All benefits are financial wellbeing benefits
We believe that financial wellbeing is how much control, empowerment and freedom someone’s financial situation gives them in life. It isn’t a one-size-fits-all solution – financial wellbeing needs to be tailored to the individual’s relationship with money at that specific moment.
That’s why it’s important to realise that any benefit you offer which saves employees money is a financial wellbeing benefit. For example, employee discounts are an obvious way to put more money in the pocket of your workforce. Beyond that, you’ve got childcare schemes, cycle to work offers, pension plans – the list goes on and on.
You may already have benefits in place that your employees will save money by using. In the short-term, providing the biggest impact right now, there are employee discounts, salary-linked loans and financial education, to name a few.
For employees eyeing the long-term, pensions and salary-deducted savings can help them feel more confident about their future.
Employee comms have never been more important
Communicating with your employees about their benefits has never been more important. Recent cost of living research from Salary Finance shows that there’s a gap between the appetite employees have to use financial wellbeing benefits – such as employee discounts, salary advances and low-interest loans – and what they say their employer provides.
This finding may also suggest that those employees simply might not be aware of the financial wellbeing benefits that their employer currently provides.
An important take away for benefit/wellbeing/internal communications professionals here is that there’s a huge opportunity to communicate with your people about the support and benefits on offer in a way that is natural and interesting to them.
Acknowledge the cost of living squeeze
Before you dive into communicating with your workforce, your business has to acknowledge that you understand times are hard right now and sympathise with the fact people are struggling.
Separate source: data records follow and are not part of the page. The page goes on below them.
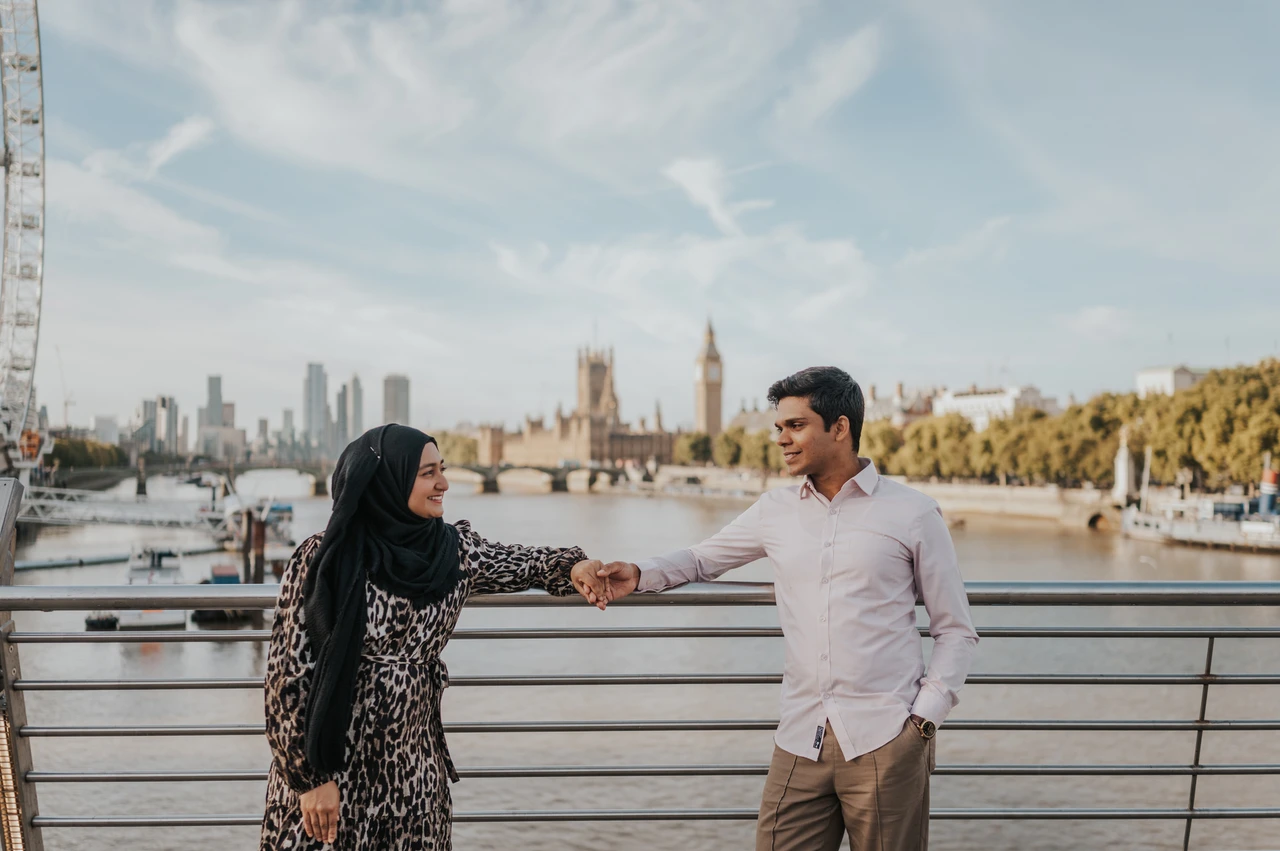 London couple photoshoot with Parliament across the river Couple holding hands beside the Golden Jubilee Bridge railings, with Parliament across the Thames, during their London photoshoot.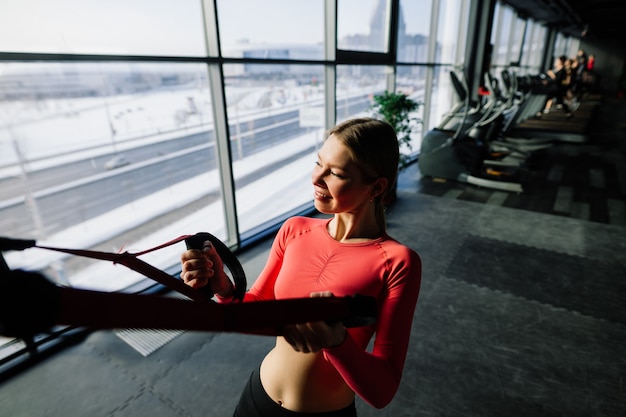 Bella donna in forma muscolare che si esercita, costruendo muscoli in palestra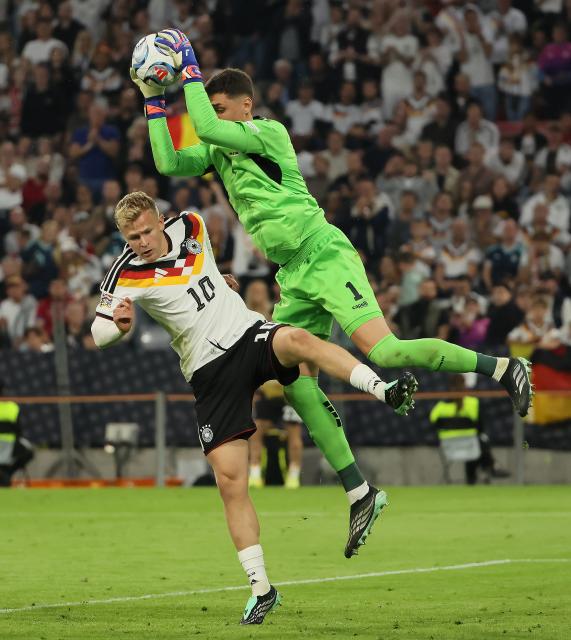 (261002) -- MUNICH, Oct. 2, 2026 (Xinhua) -- Jonathan Burkardt (L) of Germany and Djordje Petrovic, goalkeeper of Serbia compete during the UEFA Nations League 2026/27 League A Group A2 match between Germany and Serbia in Munich, Germany, Oct. 1, 2026. (Photo by Philippe Ruiz/Xinhua)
Outline what you’re able to do to help and what support they can get right now. That level of transparency is so powerful as it stops employees from thinking you’re just pulling the wool over their eyes.
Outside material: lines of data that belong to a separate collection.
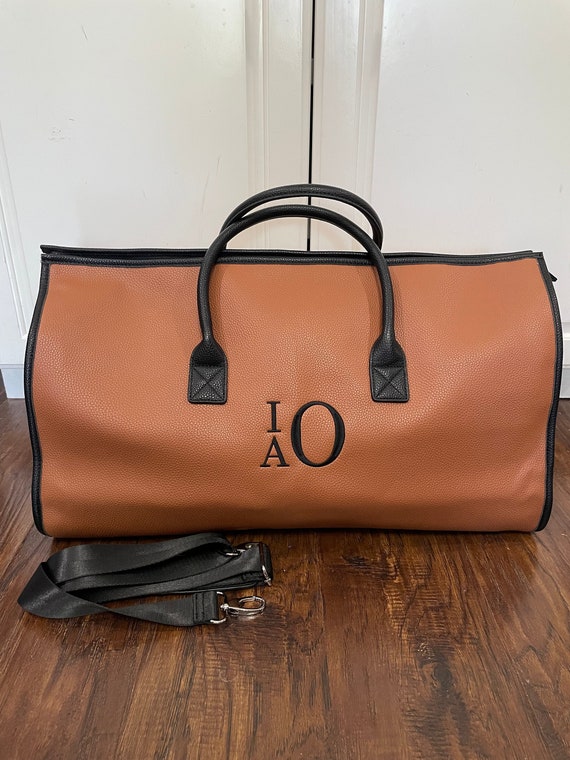 Calvin klein hotsell monogram duffle bag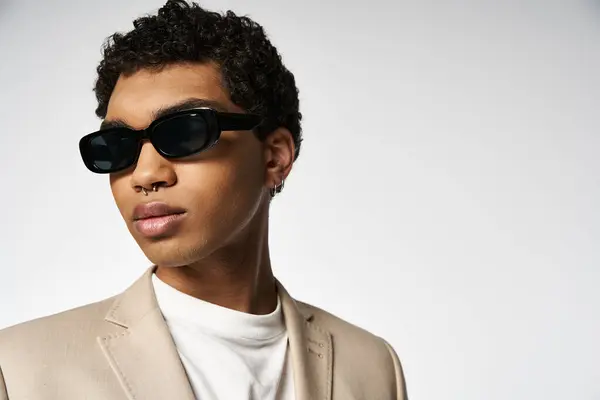 Stylish young man in tan suit and sunglasses. — Stock Photo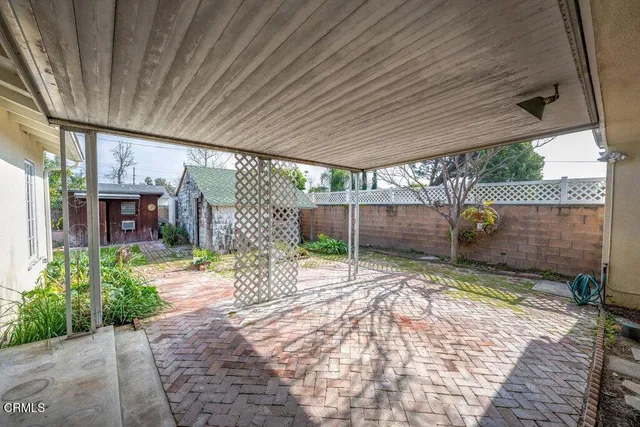 a view of a backyard with a tv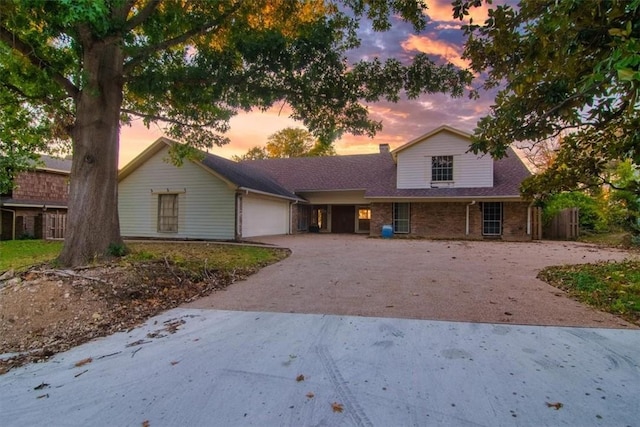 view of front of property with a garage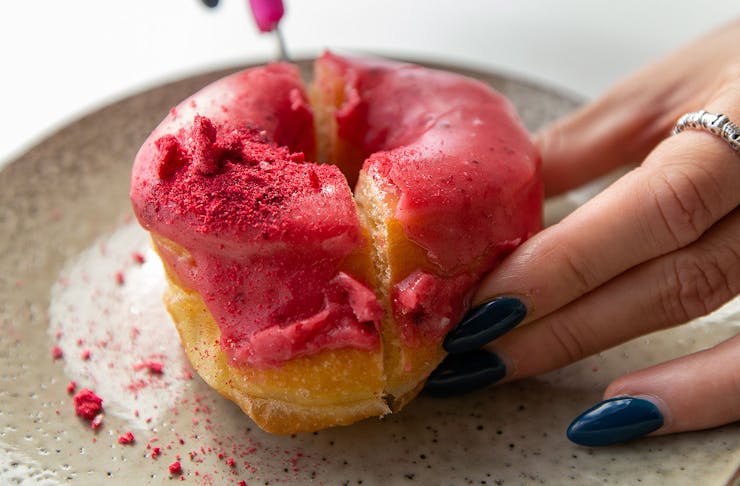 A person with blue nails cuts into a doughnut from donuts.
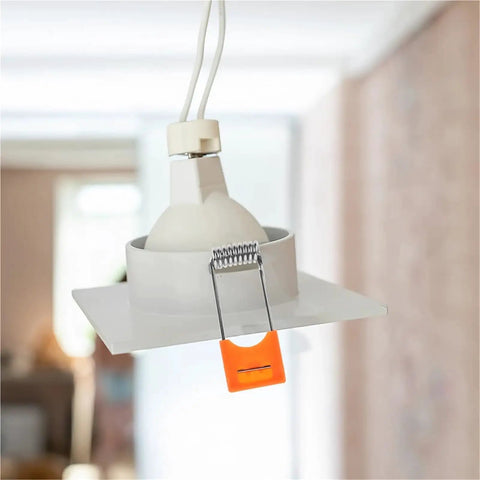 Lawsen Spring Clips Recessed Lighting 100 Pcs Spring Snap Downlight Clips securing a white LED ceiling light panel with orange clip.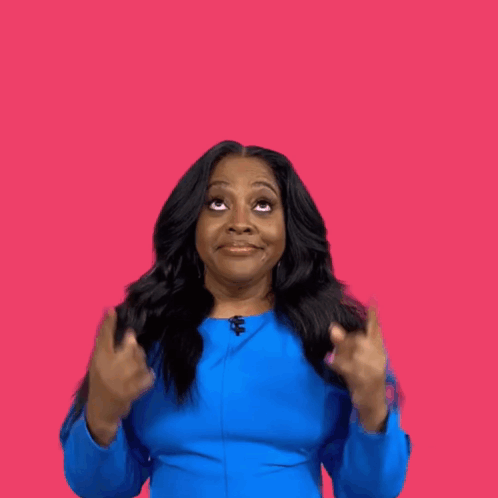 Sherri Shepherd raises both hands in an animated “oops” reaction.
From that acknowledgement, you can build your communications on the back of a more open and transparent stance – and people should be more responsive to that. Explain that you don’t want employees to bury their heads in the sand and pretend nothing is happening. Show that you’re there for them with benefits available for them to use today.
I should point out, people are always going to ask for more money. Let’s park that to the side right now. Focus on how you can better communicate your overall employee benefits package, helping to take away some of the financial strain.
Get to grips with the benefits yourself and educate
In my experience, low uptake in benefits comes from the challenges employees face when using them. Whether that’s not understanding how to use their employee discounts or not having the digital confidence to use them, you can solve these challenges with your comms.
Start using the benefits yourself, and familiarise yourself with the products and how they work. As a communicator for your business, don’t forget that you’re entitled to these benefits as well. Why wouldn’t you want to use them?
Even if you don’t need a particular benefit, still go on that customer journey to understand what it’s like to access it. You don’t have to complete the process, go as far as possible so you can create content which guides from first-hand experience.
Having that authenticity will make it so much easier for your people to access their benefits and save money.
Ninety-five percent of those who worry about their financial situation say it has a negative impact on their mental health – that’s 25.3 million UK employees.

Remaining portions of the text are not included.